→ **ASSIGNED TASK**
Leaving the pictures aside, repeat every line below exactly.

→ **DATA SEGMENT**
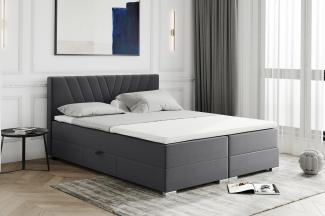 MEBLINI Boxspringbett BERNI 180x200 cm mit Bettkasten - H3B/Dunkelgrau Samt Polsterbett - Doppelbett mit Topper & Bonellfederkern-Matratze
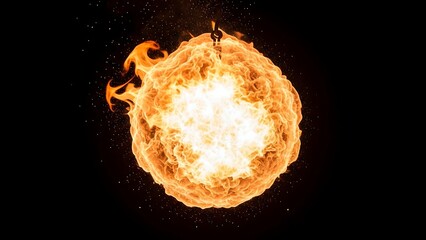 Fiery Sphere - A Captivating Ball of Flames Against Darkness.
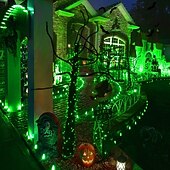 abordables Guirlandes lumineuses à piles-Halloween Noël boîte à piles étanche guirlande lumineuse 8 fonctions télécommande intérieure et extérieure cour jardin décoration de mariage lumière 4m-30leds/6.5m-50leds/10m-100leds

→ **TASK RESULT**
 MEBLINI Boxspringbett BERNI 180x200 cm mit Bettkasten - H3B/Dunkelgrau Samt Polsterbett - Doppelbett mit Topper & Bonellfederkern-Matratze
 Fiery Sphere - A Captivating Ball of Flames Against Darkness.
 abordables Guirlandes lumineuses à piles-Halloween Noël boîte à piles étanche guirlande lumineuse 8 fonctions télécommande intérieure et extérieure cour jardin décoration de mariage lumière 4m-30leds/6.5m-50leds/10m-100leds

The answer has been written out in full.